Support for JavaScript

The Web crawler can find some links (URLs) that are contained in the JavaScript portions of Web documents. If you determine that a high number of URLs embedded in text are of low relevance, you can disable text link parsing by configuring advanced Web crawler properties.

The Web crawler can find both relative and absolute links. If an HTML document contains a BASE element, the crawler uses that element to resolve relative links. Otherwise, the crawler uses the document's own URL.

Support for JavaScript is limited to link extraction. The crawler does not parse JavaScript, does not build a DOM (Document Object Model), and does not interpret or execute JavaScript statements. The crawler looks for strings in the document content (including, but not limited to the JavaScript portions) that are likely to be URLs in JavaScript statements. This means two things:

Some URLs will be found that are ignored by the stricter HTML parser.
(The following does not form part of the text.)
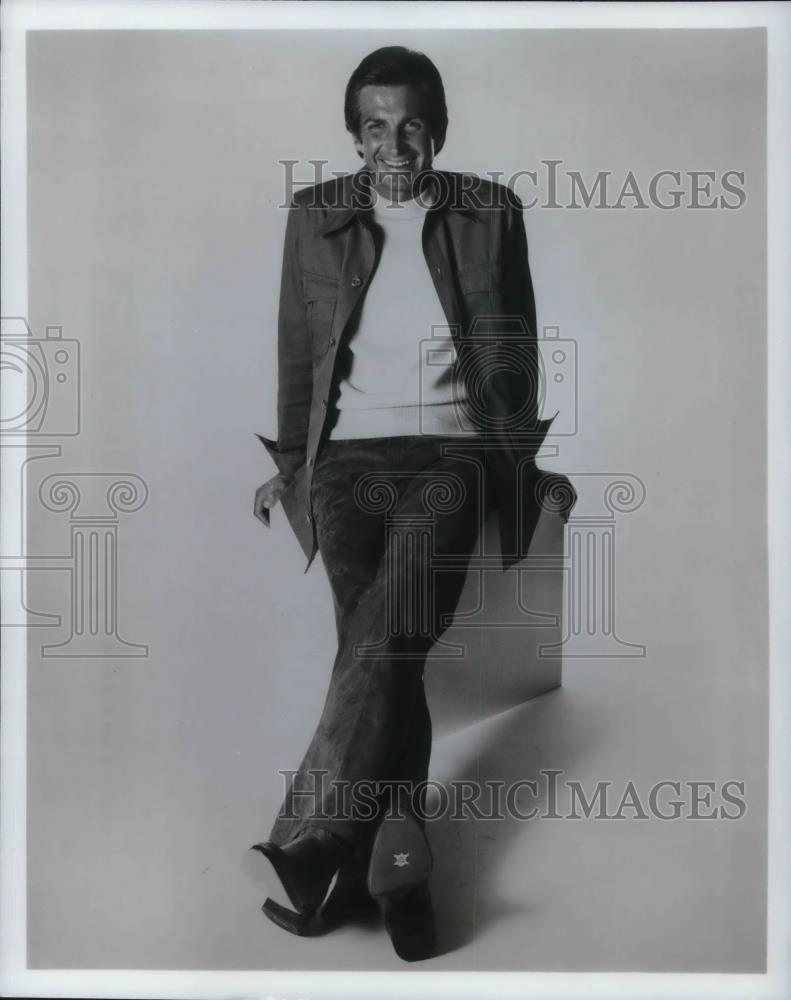 1975 Press Photo George Hamilton Actor Producer and Vice President Sole Leather - Historic Images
The crawler will reject anything that is not a syntactically valid URL, but some of the valid URLs returned by the scanning step might be of low interest for searching.
Document content that is generated by JavaScript, such as when a human user views a page with a browser and the browser executes some JavaScript, cannot be detected by the Web crawler, and thus will not be indexed.

Because the Web crawler does not parse JavaScript in HTML files, URLs in JavaScript are not crawled. To enable the Web crawler to crawl URLs in JavaScript, you can do either of following actions:

In the administration console, edit the Web crawler and, on the Web Crawl Space page, add the URLs to the list of URLs that the crawler is to use as a starting point for adding URLs to the collection (Start URLs). For the changes to become effective, restart the Web crawler (you do not need to start a full crawl).
Use the anchor tag (<a href="..">) to specify the URLs as hypertext links in the HTML file.